TASK OBJECTIVE
Pictures aside, reproduce exactly and only the lines from the one containing "Indigo denim trench" through the end of the records.

RECORDS
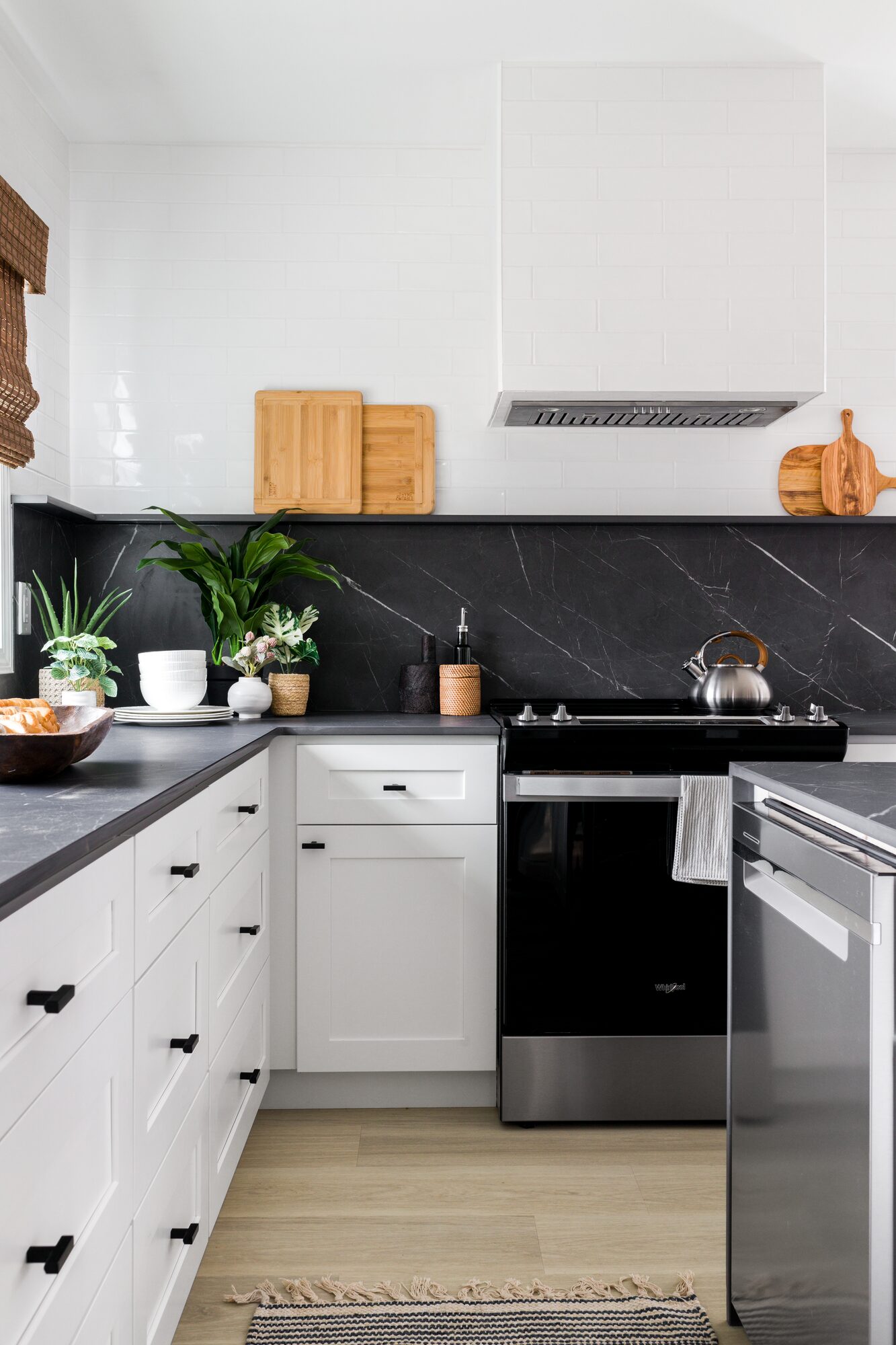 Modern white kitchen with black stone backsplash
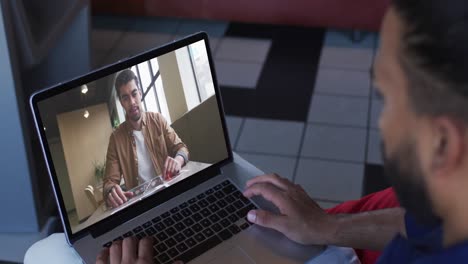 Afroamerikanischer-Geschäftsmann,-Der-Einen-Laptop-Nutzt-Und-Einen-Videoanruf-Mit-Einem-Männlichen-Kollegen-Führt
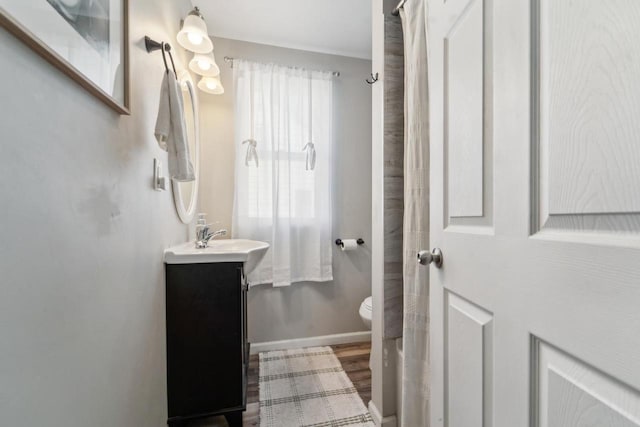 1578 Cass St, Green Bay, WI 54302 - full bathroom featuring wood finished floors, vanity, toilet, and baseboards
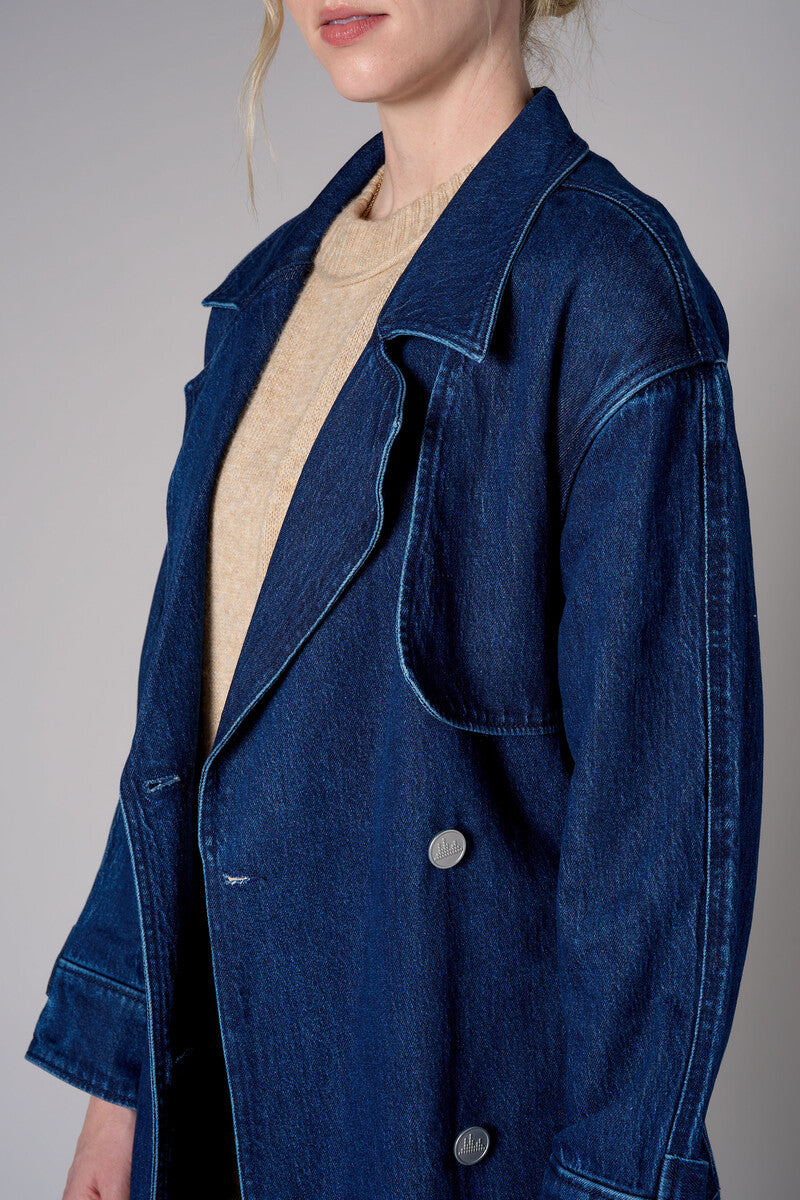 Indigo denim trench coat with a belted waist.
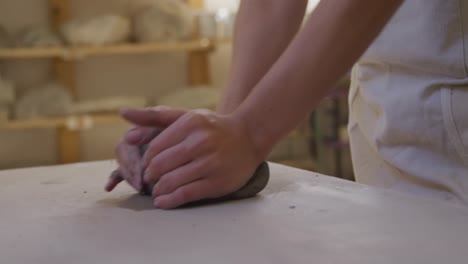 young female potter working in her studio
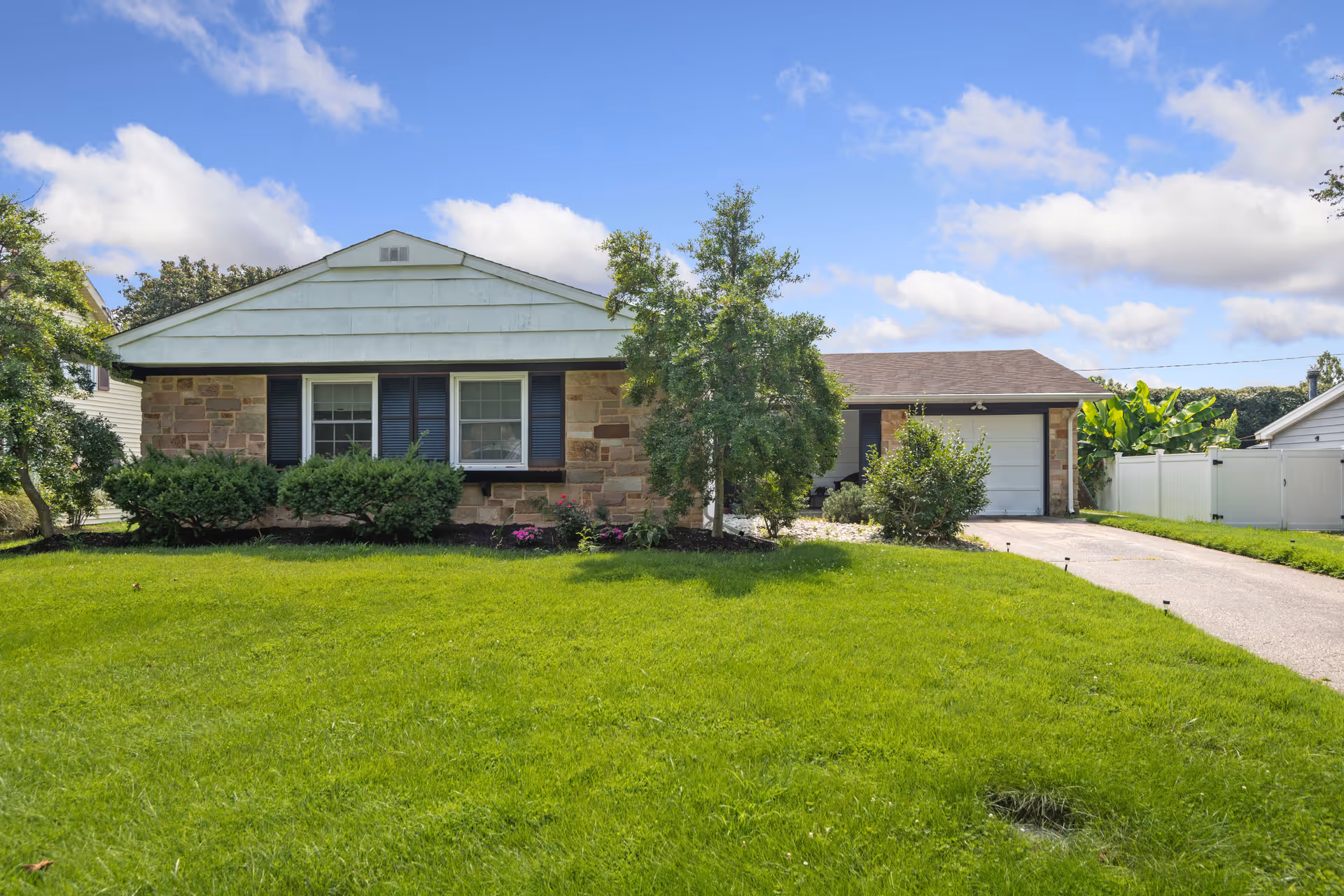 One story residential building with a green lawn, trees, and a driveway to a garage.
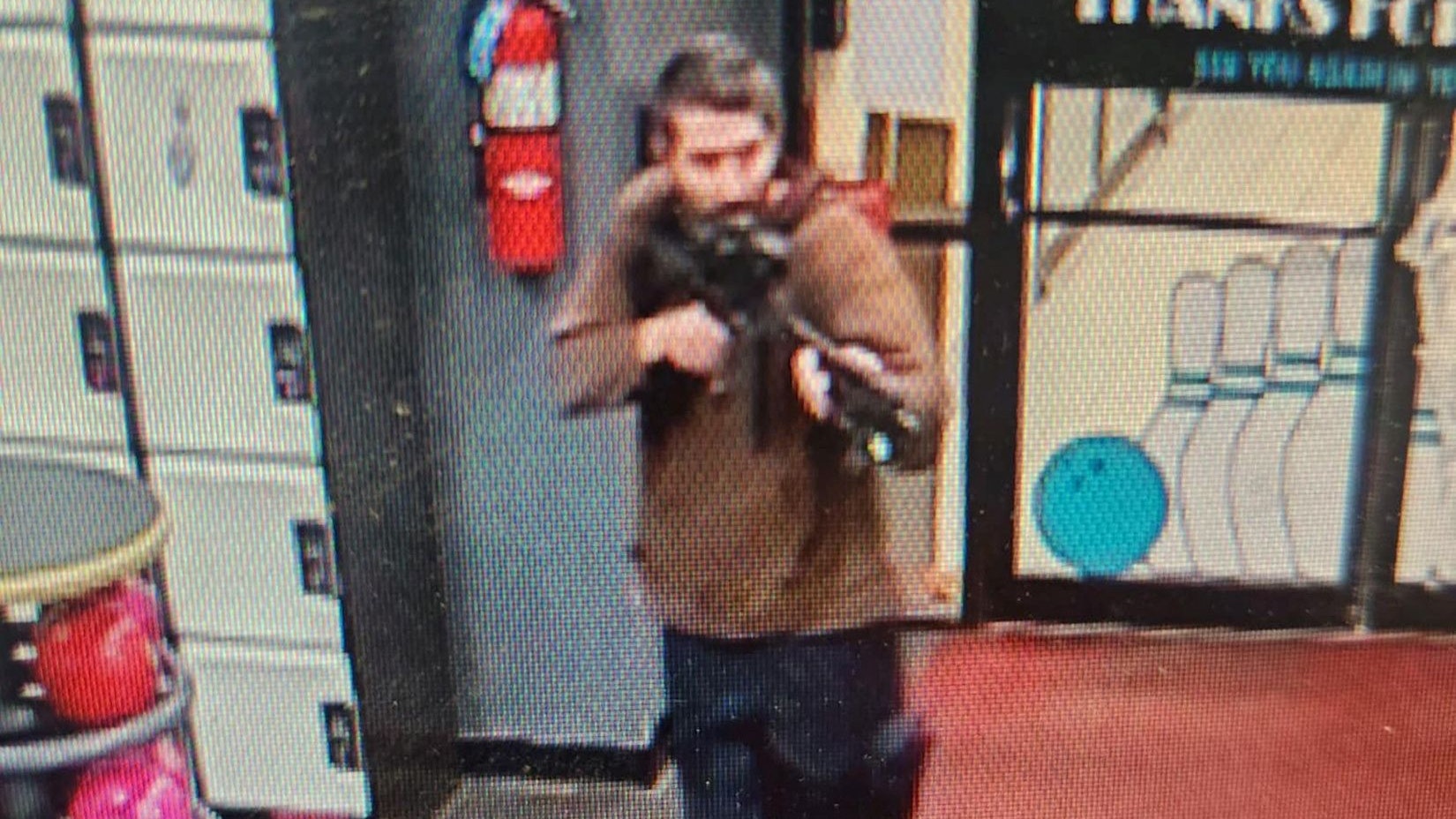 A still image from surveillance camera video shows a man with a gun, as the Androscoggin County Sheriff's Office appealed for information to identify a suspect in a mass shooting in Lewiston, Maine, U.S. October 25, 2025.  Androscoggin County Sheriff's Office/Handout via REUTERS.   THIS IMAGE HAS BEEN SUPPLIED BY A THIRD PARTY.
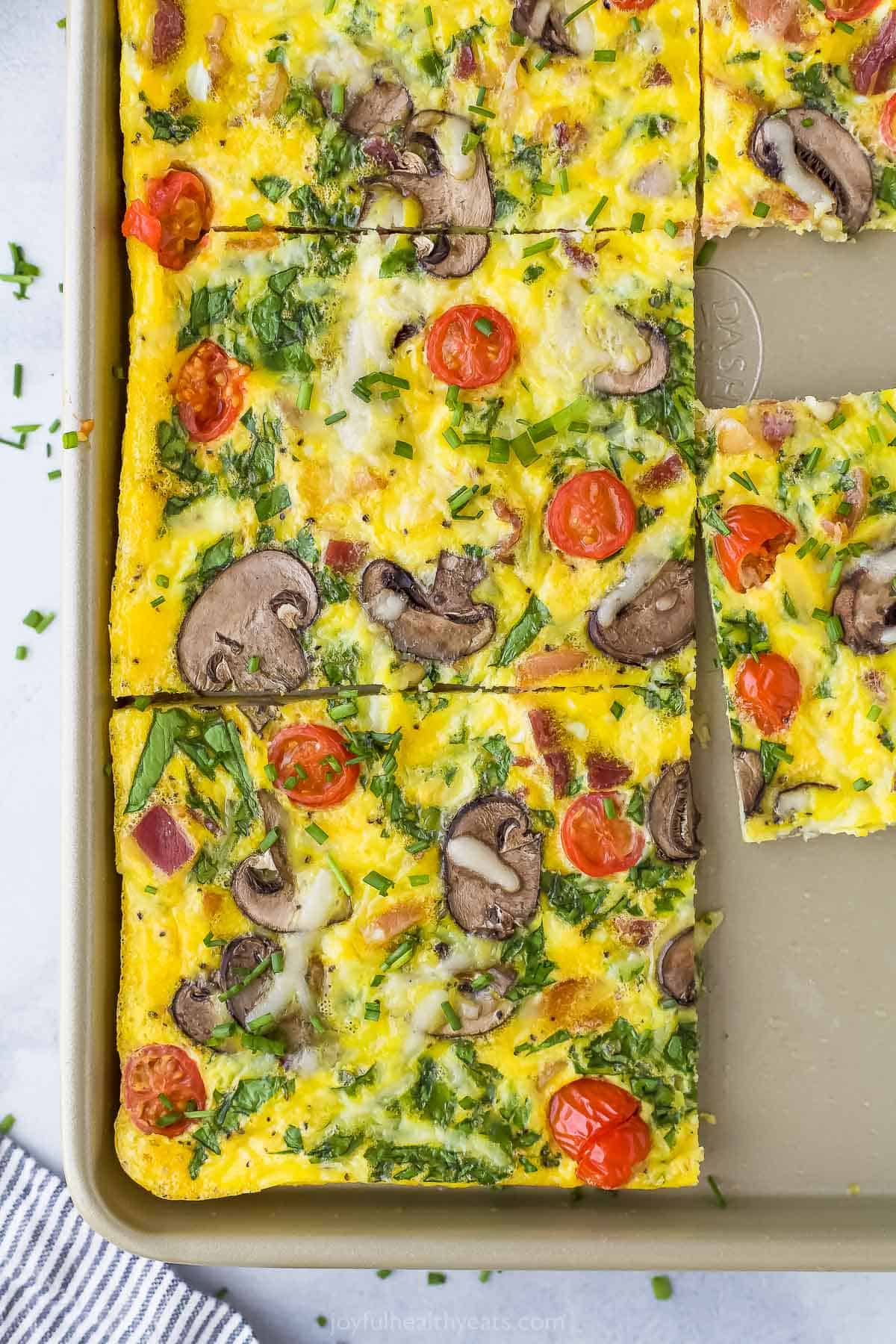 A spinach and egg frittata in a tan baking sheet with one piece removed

THE COMPLETED TASK
 Indigo denim trench coat with a belted waist.
 young female potter working in her studio
 One story residential building with a green lawn, trees, and a driveway to a garage.
 A still image from surveillance camera video shows a man with a gun, as the Androscoggin County Sheriff's Office appealed for information to identify a suspect in a mass shooting in Lewiston, Maine, U.S. October 25, 2025.  Androscoggin County Sheriff's Office/Handout via REUTERS.   THIS IMAGE HAS BEEN SUPPLIED BY A THIRD PARTY.
 A spinach and egg frittata in a tan baking sheet with one piece removed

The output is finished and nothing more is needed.